Source data:
►

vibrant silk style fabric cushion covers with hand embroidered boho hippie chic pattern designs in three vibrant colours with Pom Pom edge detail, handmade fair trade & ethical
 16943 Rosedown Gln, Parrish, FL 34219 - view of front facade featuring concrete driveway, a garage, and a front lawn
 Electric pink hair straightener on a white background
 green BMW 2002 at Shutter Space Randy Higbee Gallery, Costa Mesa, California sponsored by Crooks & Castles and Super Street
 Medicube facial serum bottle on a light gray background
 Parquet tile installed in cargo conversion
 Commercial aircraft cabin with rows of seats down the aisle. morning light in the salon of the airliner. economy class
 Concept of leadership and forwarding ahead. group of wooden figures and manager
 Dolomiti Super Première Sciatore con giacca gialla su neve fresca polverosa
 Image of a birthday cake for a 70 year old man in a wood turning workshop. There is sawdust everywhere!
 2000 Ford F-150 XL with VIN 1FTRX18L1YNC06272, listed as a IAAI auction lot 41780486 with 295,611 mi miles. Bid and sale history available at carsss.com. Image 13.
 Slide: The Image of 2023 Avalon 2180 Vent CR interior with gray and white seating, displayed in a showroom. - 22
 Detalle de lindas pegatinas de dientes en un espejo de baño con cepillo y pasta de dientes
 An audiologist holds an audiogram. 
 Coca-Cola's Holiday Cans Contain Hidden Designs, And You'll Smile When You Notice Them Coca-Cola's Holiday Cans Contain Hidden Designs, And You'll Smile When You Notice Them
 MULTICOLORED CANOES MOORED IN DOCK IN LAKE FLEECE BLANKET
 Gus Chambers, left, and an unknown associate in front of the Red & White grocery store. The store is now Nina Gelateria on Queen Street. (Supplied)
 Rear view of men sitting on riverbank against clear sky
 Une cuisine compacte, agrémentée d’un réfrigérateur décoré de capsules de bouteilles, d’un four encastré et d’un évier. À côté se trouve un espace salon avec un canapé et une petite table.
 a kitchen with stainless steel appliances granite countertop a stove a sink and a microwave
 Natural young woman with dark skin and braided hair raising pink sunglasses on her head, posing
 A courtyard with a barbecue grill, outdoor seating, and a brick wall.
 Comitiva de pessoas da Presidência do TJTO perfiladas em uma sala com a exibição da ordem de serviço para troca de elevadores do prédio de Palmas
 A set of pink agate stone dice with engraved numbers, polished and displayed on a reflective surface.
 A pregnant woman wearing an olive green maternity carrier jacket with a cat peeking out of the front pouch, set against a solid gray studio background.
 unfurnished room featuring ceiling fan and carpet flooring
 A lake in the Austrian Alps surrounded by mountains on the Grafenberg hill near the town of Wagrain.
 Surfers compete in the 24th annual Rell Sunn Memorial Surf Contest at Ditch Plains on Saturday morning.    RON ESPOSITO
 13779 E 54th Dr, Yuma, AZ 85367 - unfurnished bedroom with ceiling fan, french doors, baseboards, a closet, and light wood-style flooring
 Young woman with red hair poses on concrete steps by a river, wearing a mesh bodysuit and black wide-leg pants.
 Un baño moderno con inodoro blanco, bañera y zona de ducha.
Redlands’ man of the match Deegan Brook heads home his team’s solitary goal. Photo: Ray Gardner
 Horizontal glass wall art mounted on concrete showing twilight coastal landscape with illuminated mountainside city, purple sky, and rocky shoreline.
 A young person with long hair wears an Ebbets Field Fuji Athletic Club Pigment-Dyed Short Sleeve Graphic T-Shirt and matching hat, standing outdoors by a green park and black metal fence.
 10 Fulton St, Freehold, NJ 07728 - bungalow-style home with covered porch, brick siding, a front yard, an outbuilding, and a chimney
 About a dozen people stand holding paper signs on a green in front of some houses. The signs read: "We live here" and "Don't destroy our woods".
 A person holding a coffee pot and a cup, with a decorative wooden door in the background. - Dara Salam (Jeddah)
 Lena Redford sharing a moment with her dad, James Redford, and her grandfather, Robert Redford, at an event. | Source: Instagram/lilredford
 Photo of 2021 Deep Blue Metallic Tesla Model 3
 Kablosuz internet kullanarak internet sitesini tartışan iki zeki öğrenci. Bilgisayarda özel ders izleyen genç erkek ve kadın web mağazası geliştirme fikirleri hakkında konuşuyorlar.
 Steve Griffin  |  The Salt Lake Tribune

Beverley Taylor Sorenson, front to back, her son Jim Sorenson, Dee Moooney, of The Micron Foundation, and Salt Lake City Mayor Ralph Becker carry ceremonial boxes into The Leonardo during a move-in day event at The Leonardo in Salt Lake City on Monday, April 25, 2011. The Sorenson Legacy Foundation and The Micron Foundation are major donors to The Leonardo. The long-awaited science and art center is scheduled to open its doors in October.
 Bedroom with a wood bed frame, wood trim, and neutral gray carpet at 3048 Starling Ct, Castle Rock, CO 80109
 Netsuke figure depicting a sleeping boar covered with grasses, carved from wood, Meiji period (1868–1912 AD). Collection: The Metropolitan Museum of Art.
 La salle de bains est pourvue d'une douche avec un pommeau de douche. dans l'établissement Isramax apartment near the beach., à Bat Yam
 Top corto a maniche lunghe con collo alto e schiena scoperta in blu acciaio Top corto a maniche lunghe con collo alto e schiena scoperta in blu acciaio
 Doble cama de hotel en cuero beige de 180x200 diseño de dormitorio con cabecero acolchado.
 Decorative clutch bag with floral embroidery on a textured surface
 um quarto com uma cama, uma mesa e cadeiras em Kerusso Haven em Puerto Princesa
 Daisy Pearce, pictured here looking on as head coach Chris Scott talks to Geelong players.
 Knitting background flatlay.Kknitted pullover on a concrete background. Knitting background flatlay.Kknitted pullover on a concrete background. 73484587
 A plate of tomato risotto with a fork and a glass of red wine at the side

◄

What is required:
Look above for the line that contains "Un baño moderno". Starting there, transcribe every line exactly until you have copied the line that contains "A young person".

Finished task:
 Un baño moderno con inodoro blanco, bañera y zona de ducha.
Redlands’ man of the match Deegan Brook heads home his team’s solitary goal. Photo: Ray Gardner
 Horizontal glass wall art mounted on concrete showing twilight coastal landscape with illuminated mountainside city, purple sky, and rocky shoreline.
 A young person with long hair wears an Ebbets Field Fuji Athletic Club Pigment-Dyed Short Sleeve Graphic T-Shirt and matching hat, standing outdoors by a green park and black metal fence.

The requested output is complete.